I have a physics textbook that is used by students who typically have no previous familiarity with the Greek alphabet. In the Computer Modern math font, lowercase gamma is highly stylized. The loop at the bottom is squashed flat so that there is no white space inside. It's perfectly legible to people who are already familiar with the Greek alphabet, but for my students it is endlessly confusing. They think it looks just like the Latin "y," and they write it that way on their homework. It drives me crazy, and I would dearly love to find a way to substitute some other font for that one character in math mode. Is there a way to do this?

Here are some similar questions on this site with answers that don't quite work for me:

Change font in a single paragraph — This one doesn't seem to do anything in math mode.

Importing a Single Symbol From a Different Font — This approach might work, but mathabx doesn't include an alternative set of Greek characters.

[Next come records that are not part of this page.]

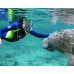 Swim with Manatees at Crystal River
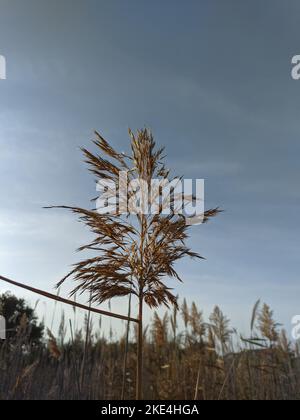 Ein flacher Fokus von Phragmites australis in einem Feld gegen blauen Himmel Stockfoto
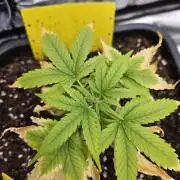 #SSSC Test A005 Auto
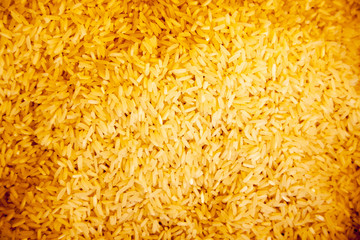 Rice Background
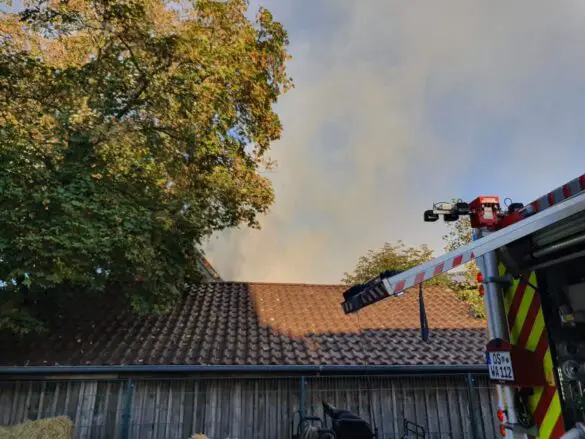 Pferdestall bei Brand in Wallenhorster Ortsmitte zerstört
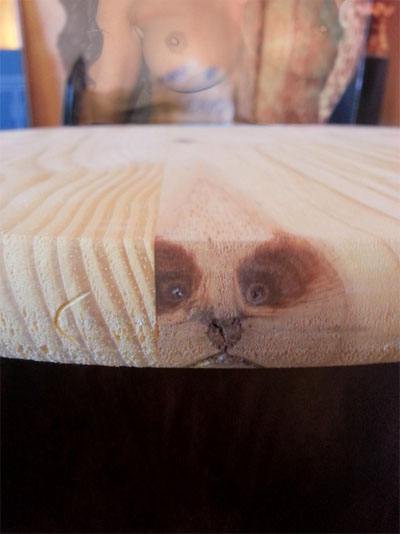 Реинкарнация существует!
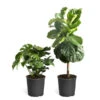 Monstera Deliciosa And Fiddle Leaf Fig Combo -GreenNest Shop Fiddle Swiss Combo 600x600 ce871f31 7617 4dfc b165 bb8888f174af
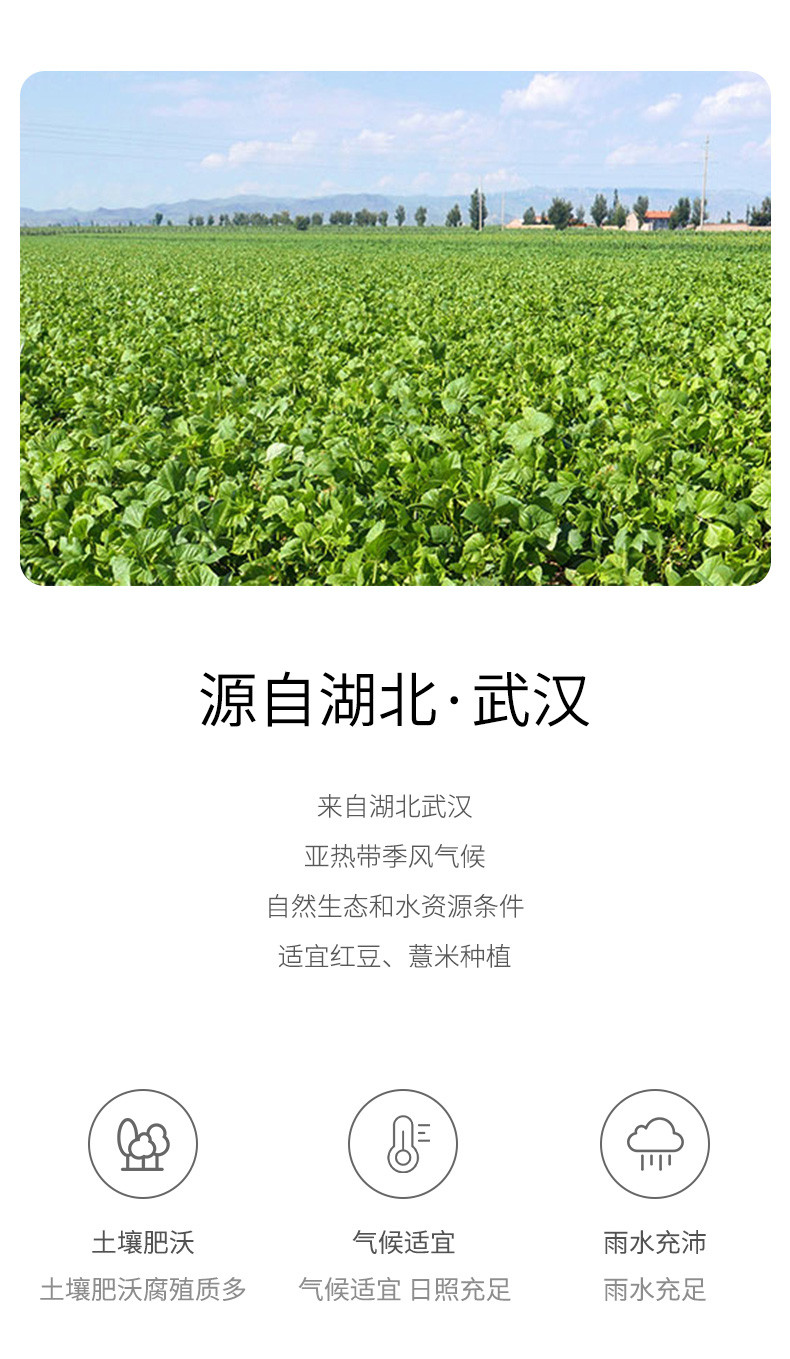 绿帝 红豆薏米粥350g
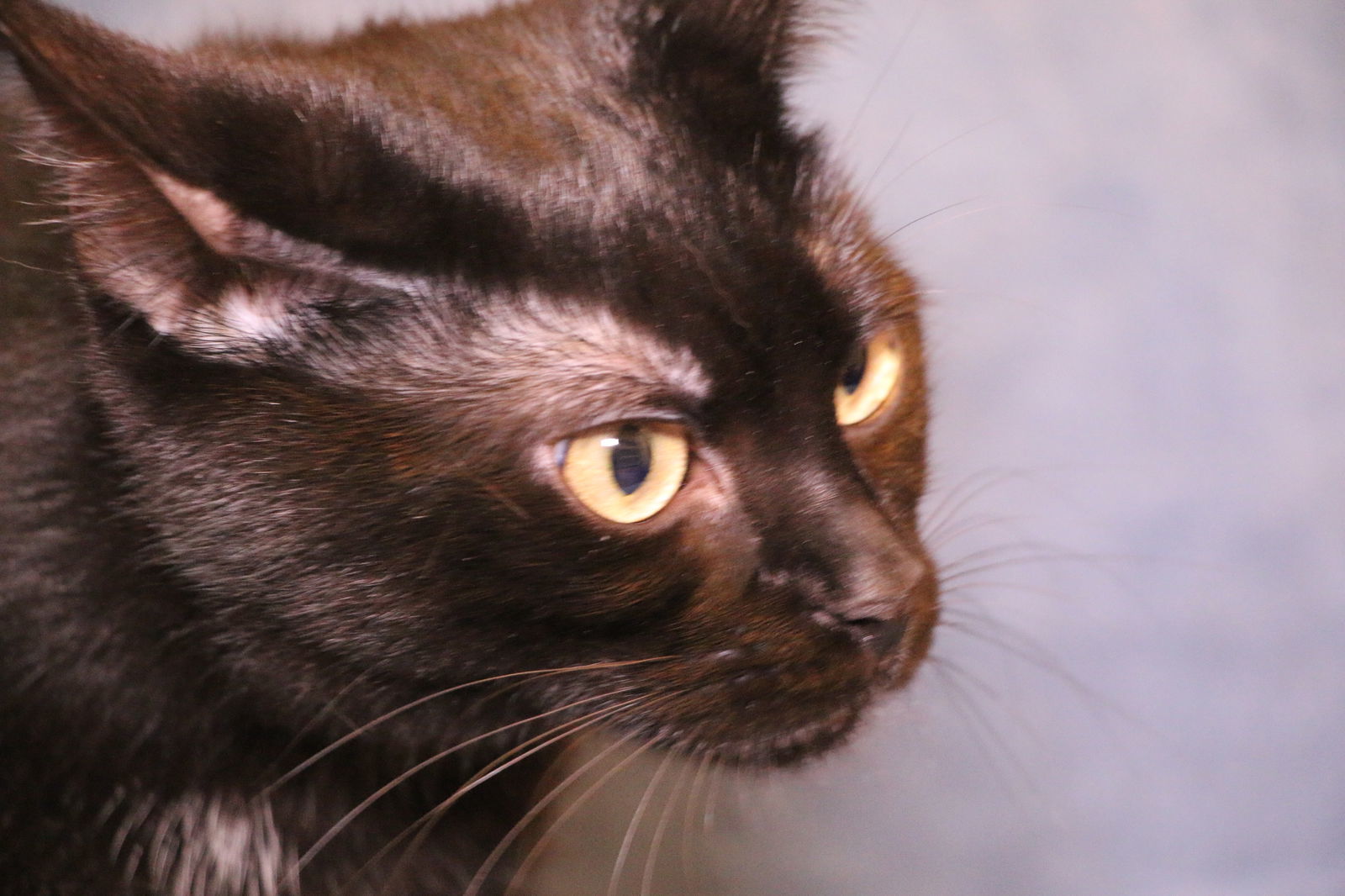 Raggedy Ann, an adoptable Domestic Short Hair in Crompond, NY, 10517 | Photo Image 3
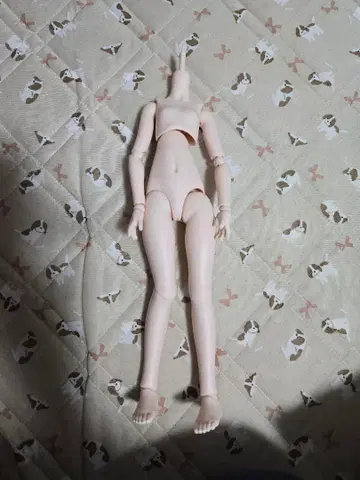 MDD 세미 화이트 바디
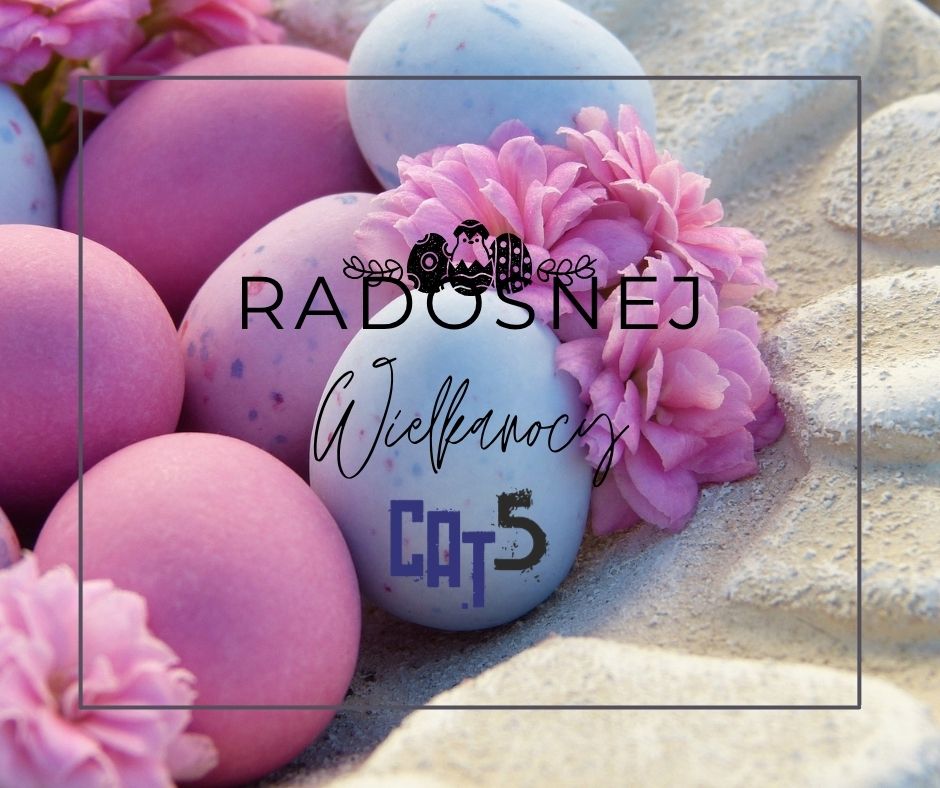 Cat5 🎮📱 tweet media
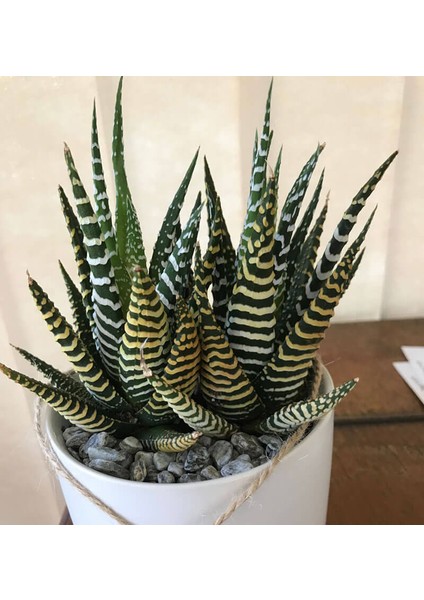 Haworthia Fasciata Zebra 15 Adet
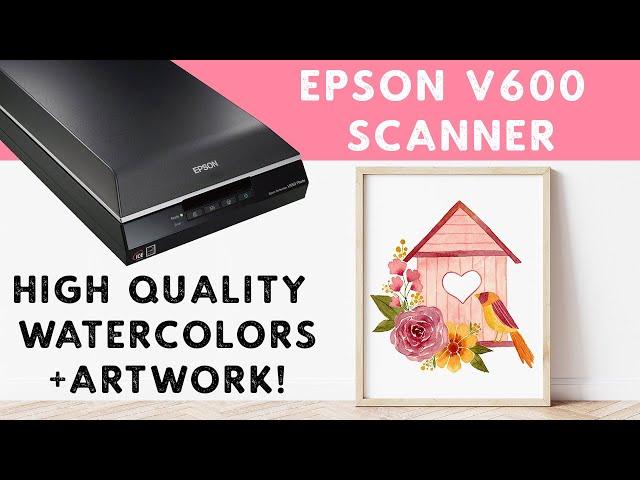 How to Scan Watercolor Illustrations and Artwork - Epson V600 Scanner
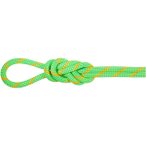 Mammut 8.0 Alpine Eco Dry Kletterseil (Größe 30m, gruen)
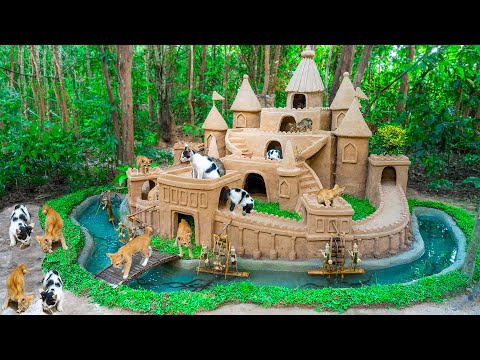 Cat Rescue From Abandoned Feeding Cat 50 Days Build Castle And Eel Pond Around Dog House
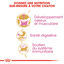 Royal Canin - Croquettes British Shorthair Kitten pour Chatons - 2Kg Indicateur image numéro 3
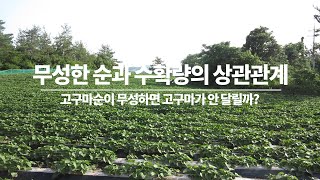 순이 너무 무성한데 혹시?  무성한 순과 고구마 수확량의 상관  관계 이론적 접근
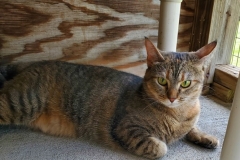 HoudiniVolCFC-665x600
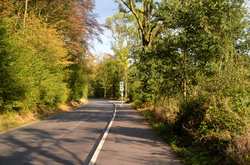 Bild "start:199.jpg"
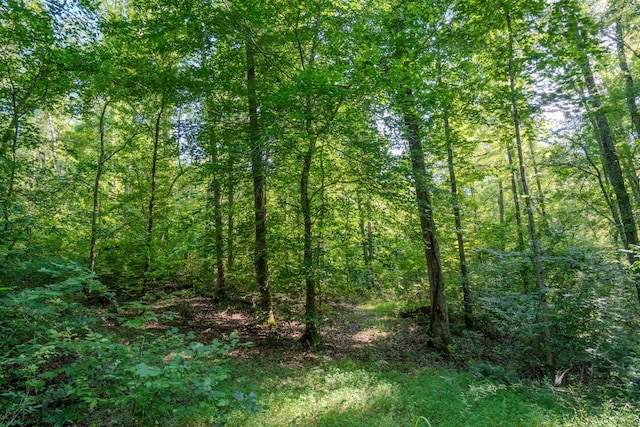 0 Story Rd, Westpoint, TN 38486 - photo 10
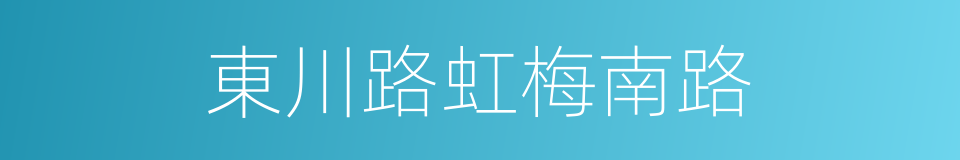 東川路虹梅南路的同義詞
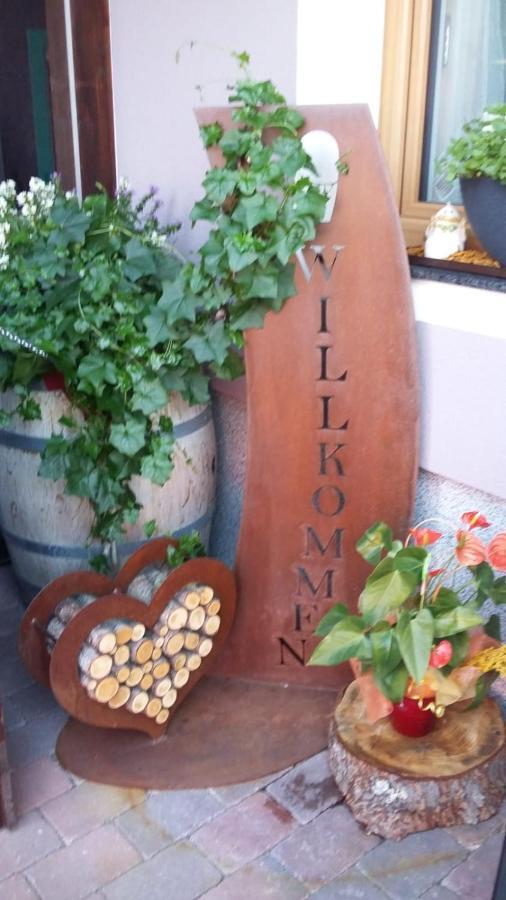 Apartment Hochkoenigblick Pilzegg امباخ المظهر الخارجي الصورة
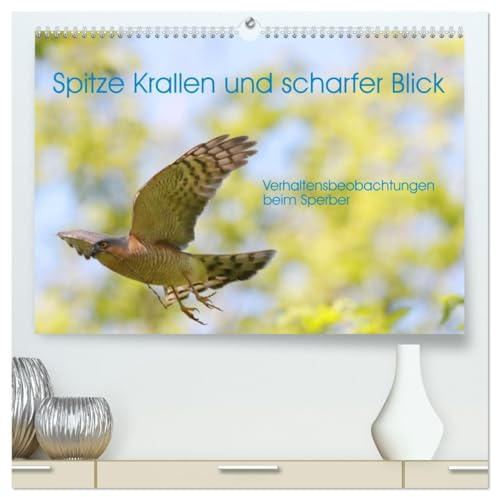 Spitze Krallen und scharfer Blick - Verhalten Sperber (hochwertiger Premium Wandkalender 2026 DIN A2 quer), Kunstdruck in Hochglanz: Gezeigt werden ... eines Sperberbrutpaares. (CALVENDO Tiere)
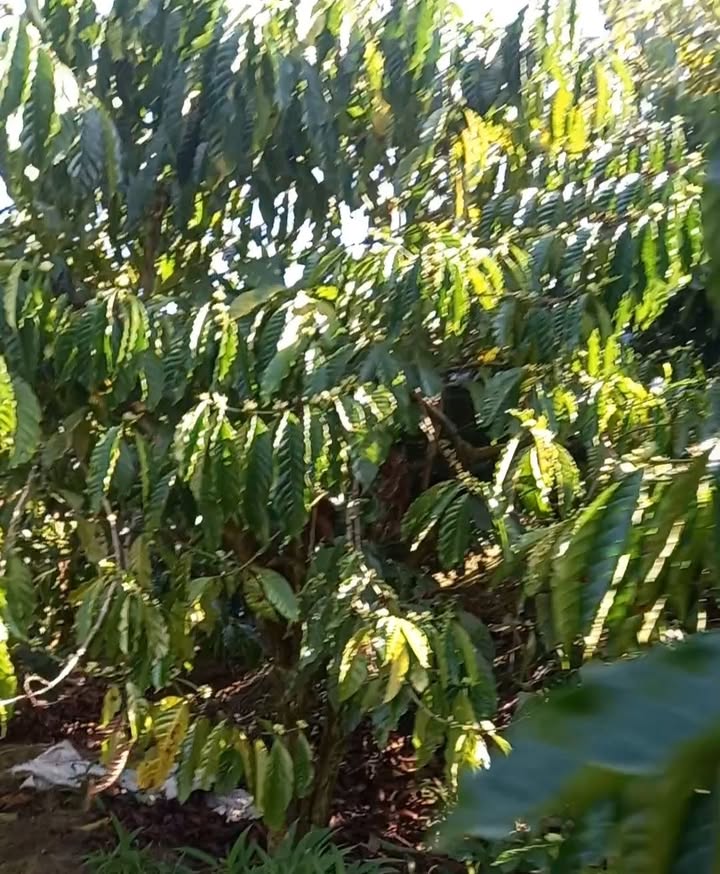 Đất Vườn Triền Tưới Ao 3120m² Hòa Bắc, Di Linh - Giá 2.5 Tỷ Chính Chủ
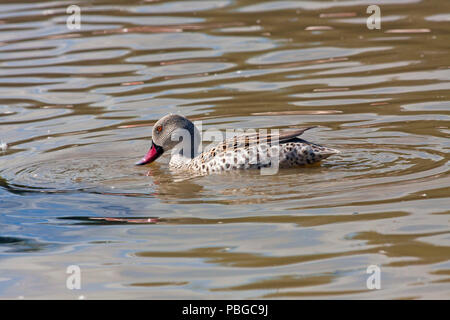 A Cape Teal (Anas capensis) swimming on a small lake in South West England Stock Photo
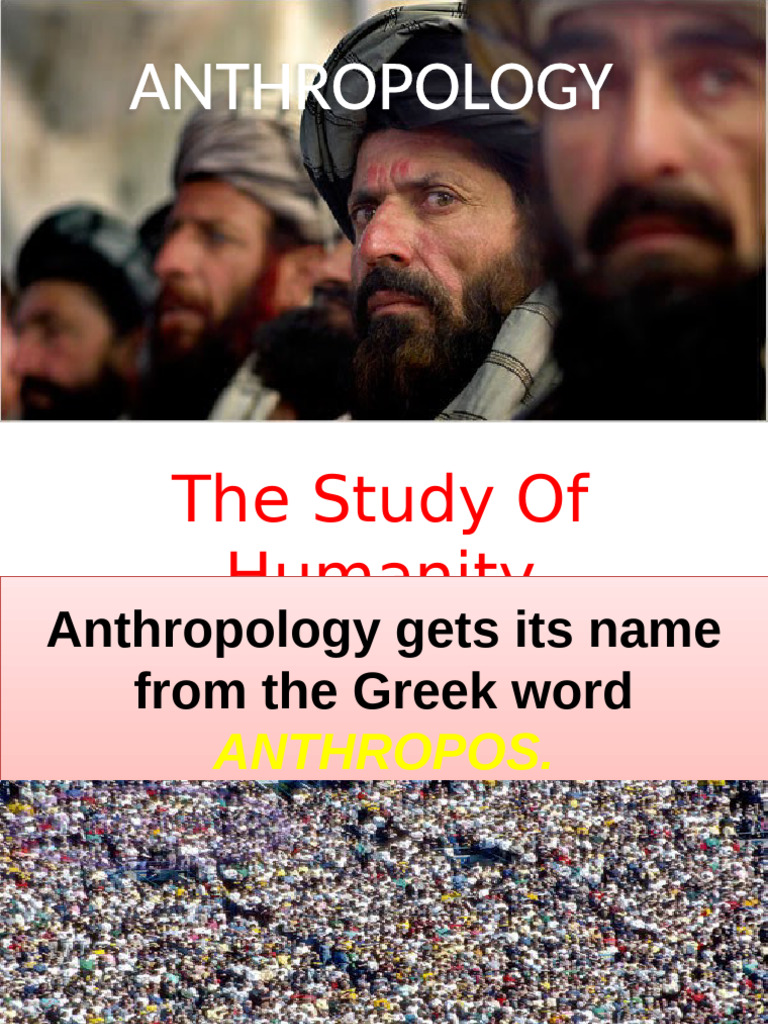 What Is Anthropology Pdf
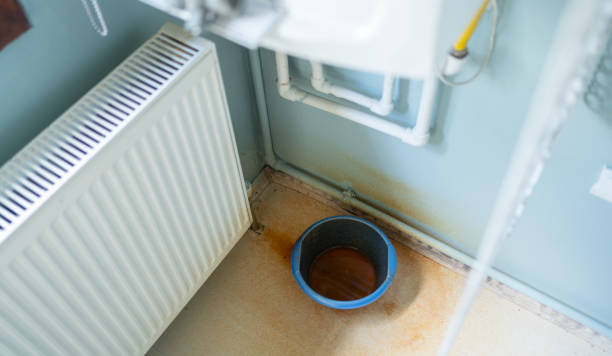 Best Water damage cleanup near me  in Evans, GA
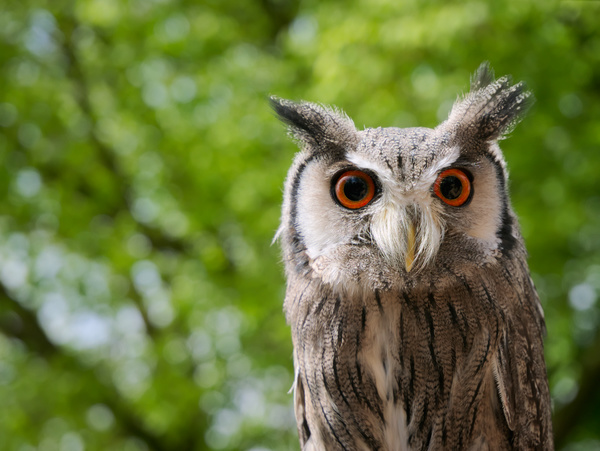 Closeup of wild owl in nature Stock Photo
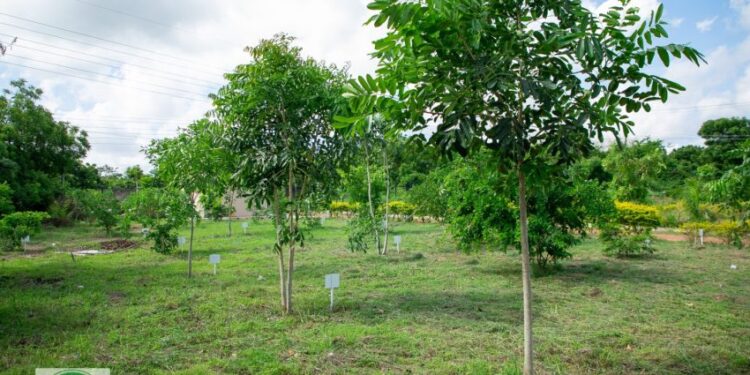 Green Ghana Day, Get involved and Benefit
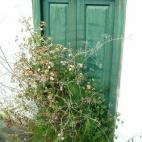 5c8b6b2c2000009d0370b5ee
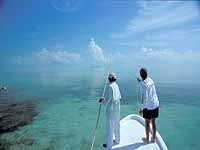 Fly fishing the flats in Belize!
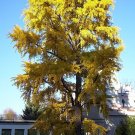 20 ginkgo tree seeds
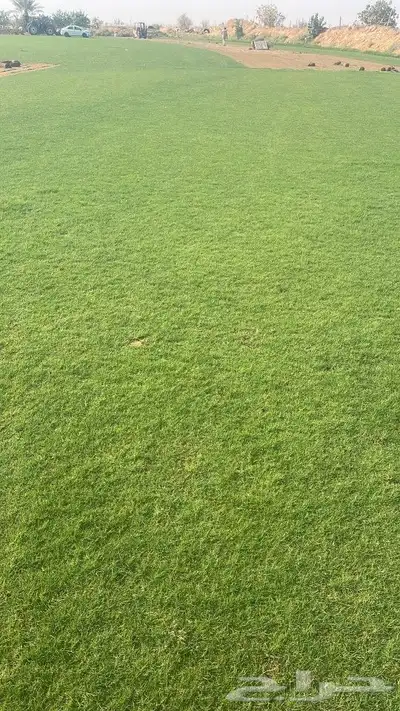 ثيل طبيعي نجيله طبيعي ثيلc200 0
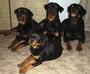 Lozano Rottweilers profile picture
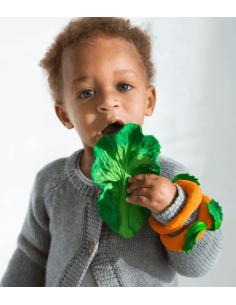 Oli & Carol Fruits & Veggies Kendall the kale 2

Replacing greek glyphs in math mode — This is about replacing the entire Greek alphabet with some other font. I don't have any problem with that, if it's a reasonable-looking font. However, the only solution that worked seemed to be unicode-math, which is for xetex and luatex; I'm using pdftex, and I'm not crazy about switching this large project to xetex or luatex.

Best Answer

You can use a modified version of Importing a single symbol from a different font

\usepackage[T3,T1]{fontenc}
\makeatletter
\newcommand\ipamathsymbol[2][\mathord]{%
  #1{\@ipamathsymbol{#2}}}
\def\@ipamathsymbol#1{\mathchoice
  {\@ipam@thsymbol{#1}\tf@size}
  {\@ipam@thsymbol{#1}\tf@size}
  {\@ipam@thsymbol{#1}\sf@size}
  {\@ipam@thsymbol{#1}\ssf@size}}
\def\@ipam@thsymbol#1#2{%
  \mbox{\fontsize{#2}{#2}\usefont{T3}{cmr}{m}{sl}\symbol{#1}}}
\makeatother
\renewcommand{\gamma}{\ipamathsymbol{71}}

Loading the T3 encoding is necessary, since the tipa fonts are available only in that encoding. Change T1 in OT1 if the latter is your default encoding. I've left the entire infrastructure rather than defining a one shot command, so one can play with other symbols as well; \ipamathsymbol has an optional argument (the math kind of the symbol, default \mathord) and the mandatory argument is the slot number of the chosen glyph.